Still. Constantly. Forever waiting for things to make sense. My file, my presence, my reasons. Not everyday. Some days. Most days my heart is at peace and I accept my place without understanding others'. I accept what I offer, what I take, what I have taken. I take from you. But you take more, much more than I have to offer and sometimes I grow afraid of this constant dipping from my well. Little hands splashing water, larger hands cupping water out, grabbing handfuls from my pond, my limited supply. Yet every time I feel empty I know I will fill up again. Nourished to nourish. Waiting for brightness. Waiting for the morning. New beginnings. Old endings. Old wounds. Waiting to heal. Waiting to be whole. "I will always be a son without a father," he said. "No matter what I do." Early trauma is unforgettable, we learn to deal with it but we can never mould ourselves into a different shape, a perfect shape.
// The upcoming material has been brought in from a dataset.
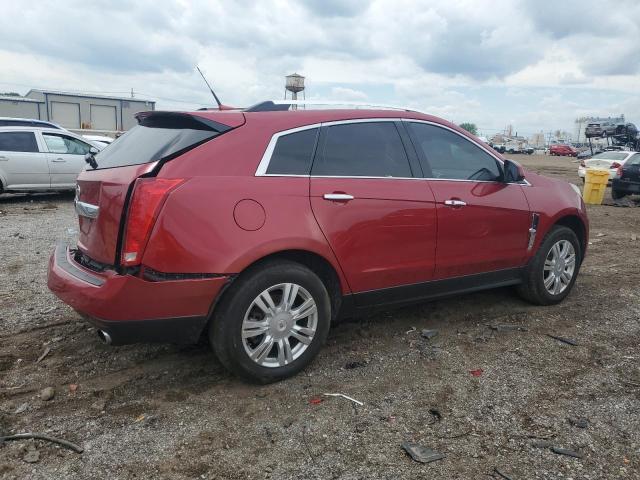 Vin: 3gyfndeyxbs510024, lot: 58850485, cadillac srx luxury collection 20113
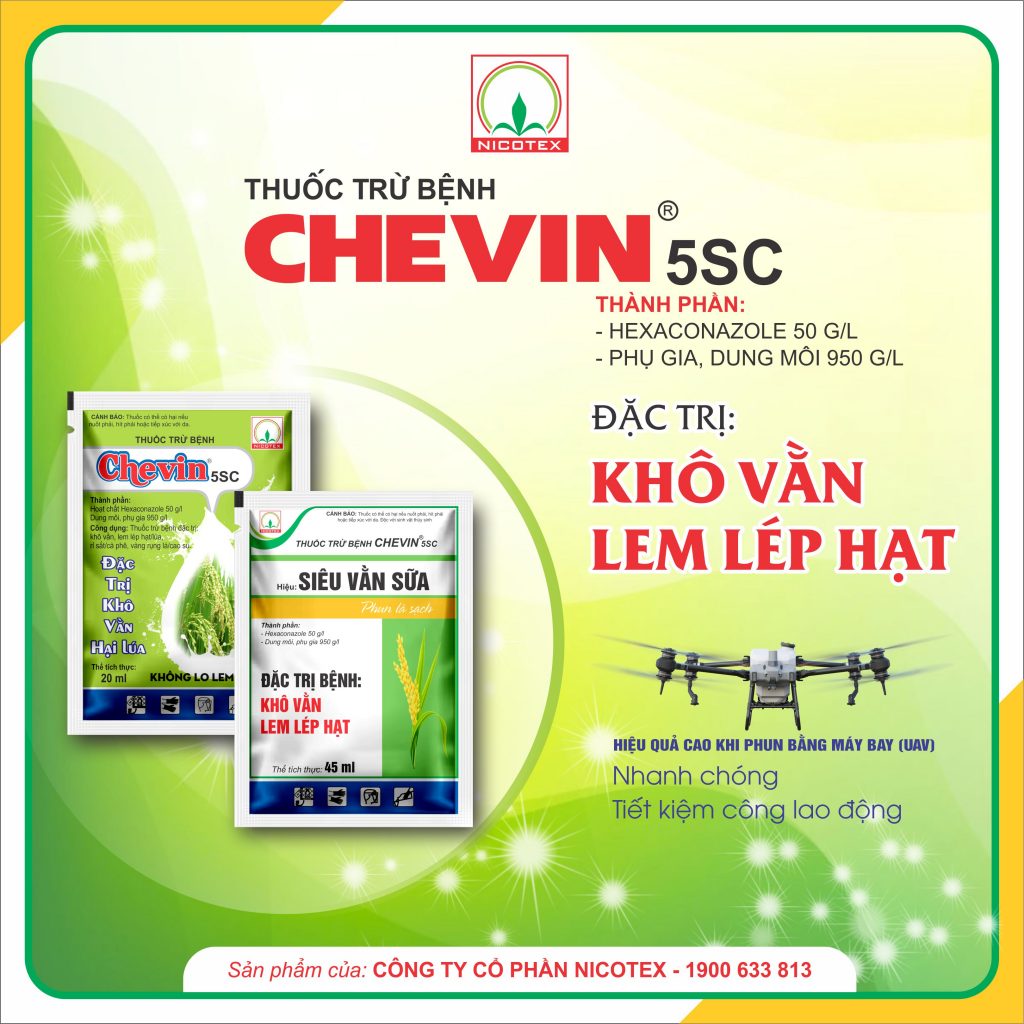 SP Chevin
There is always going to be this protruding imperfection sticking out of what we thought could be a smooth surface. We sand it down, smooth it over, but it's no good. We are imperfect. Forever imperfect. But I could look at it differently. I could consider my imperfections as a positive. Something that gives me the extra edge to understand the world better, see it from a different angle. A different truth.
Waiting
Waiting
Waiting
Waiting to die.
Waiting to leave.
Take me with you.
Where did you go?
Why are you back?
Can you hear me?
I’ve reached the time of life when waiting time has become deeply meaningful. I wonder how long I’ve got before my waiting time expires? Realistically, I know that the final moment is not far off, but my impatient Western mind is irritated by the indefinite nature of the waiting that must be tolerated. Waiting for someone late for an appointment creates anxiety and self doubt. Waiting for a kettle to boil seems to take forever - but we haven’t got forever. I can’t imagine the feelings of parents waiting for their unborn child’s arrival into the world. Can it be equated with those anticipating the end of their time of waiting?